======== EXCERPTED RECORDS ========
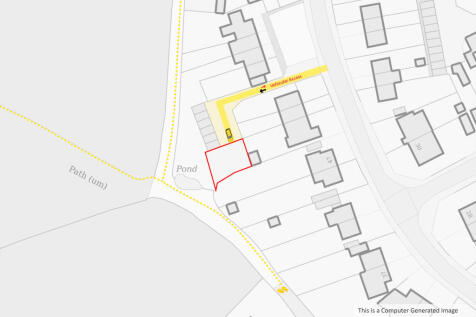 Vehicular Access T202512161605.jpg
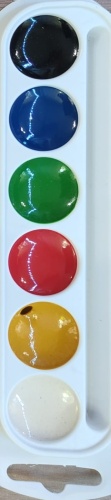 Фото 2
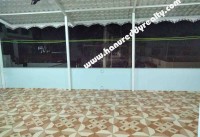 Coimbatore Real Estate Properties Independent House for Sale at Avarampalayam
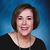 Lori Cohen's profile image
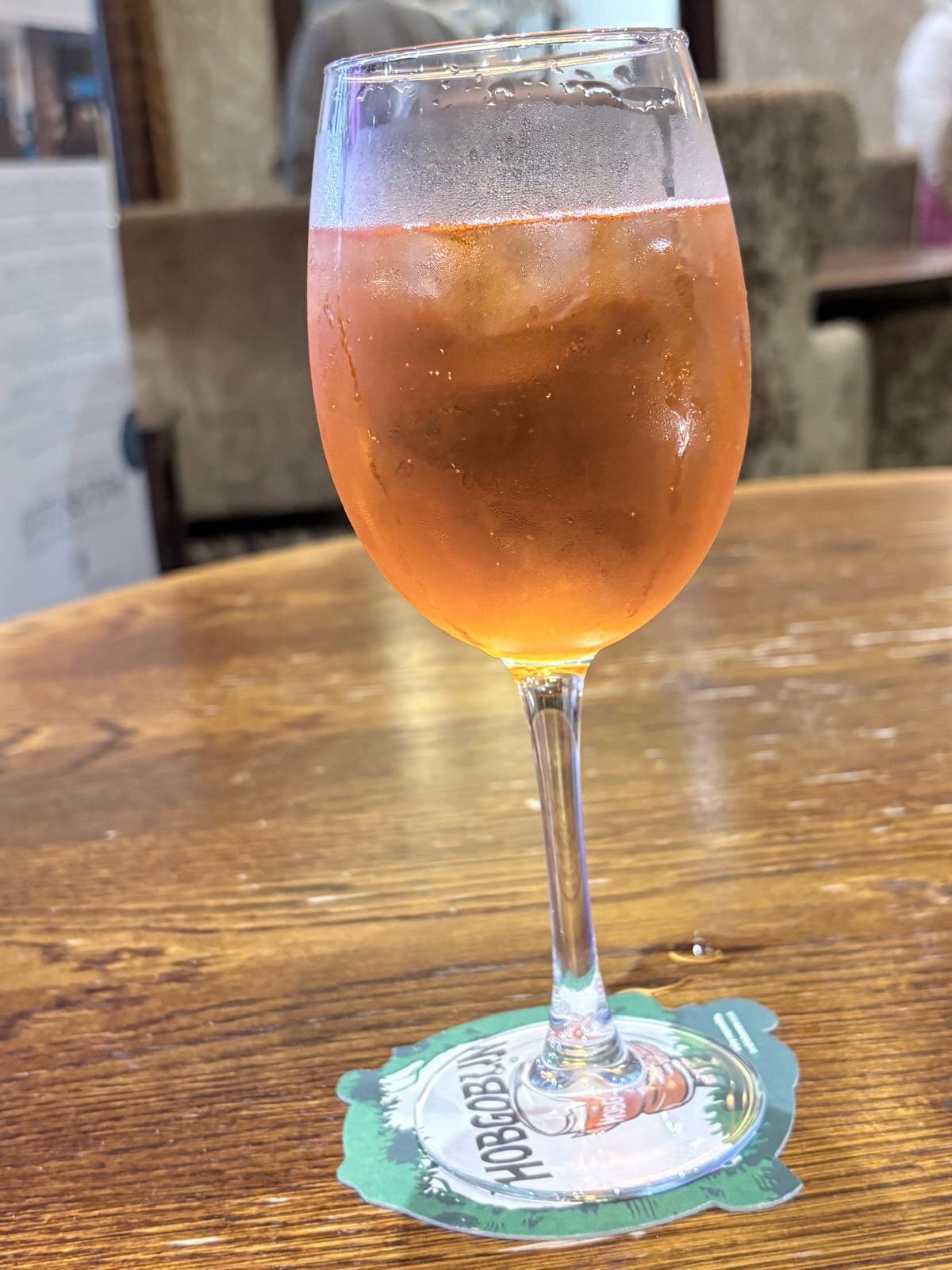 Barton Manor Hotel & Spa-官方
========
======== EXCERPTED RECORDS ========
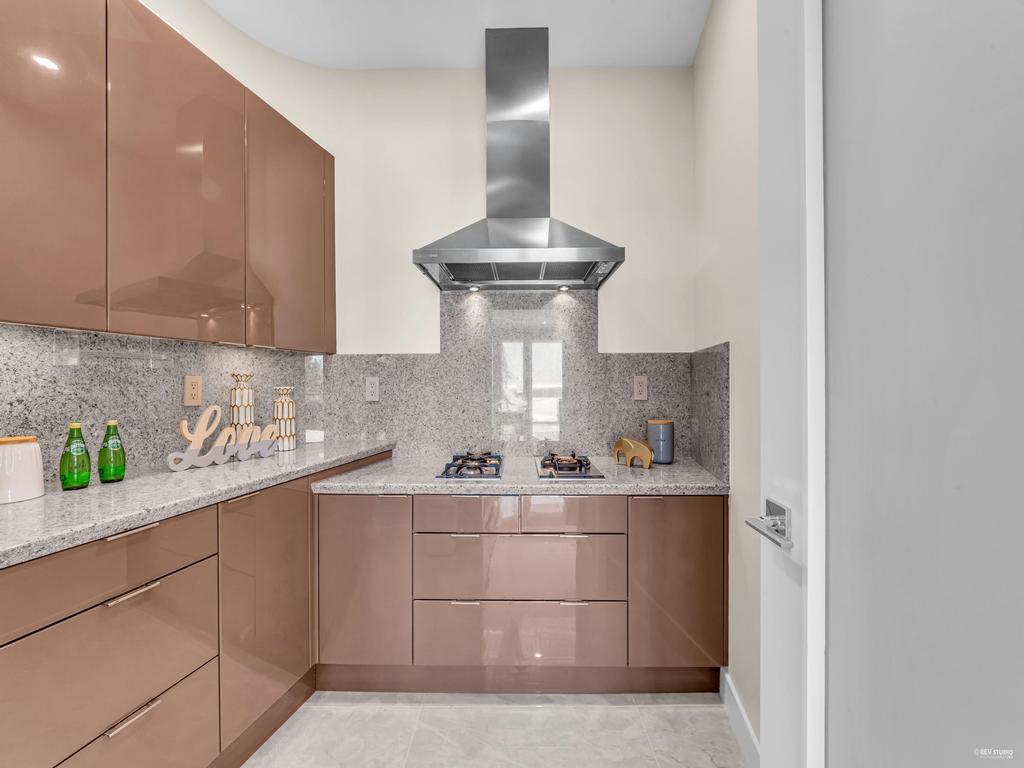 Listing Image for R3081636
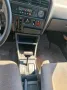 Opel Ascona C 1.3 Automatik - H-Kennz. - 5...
========
**EXERCISE DETAILS**:
Within the entries above, the lines from the one containing "Vehicular Access T202512161605.jpg" through the one containing "Barton Manor Hotel & Spa-官方" are to be transcribed exactly, ends included, pictures excluded.

**RESPONSE FOR THIS EXERCISE**:
 Vehicular Access T202512161605.jpg
 Фото 2
 Coimbatore Real Estate Properties Independent House for Sale at Avarampalayam
 Lori Cohen's profile image
 Barton Manor Hotel & Spa-官方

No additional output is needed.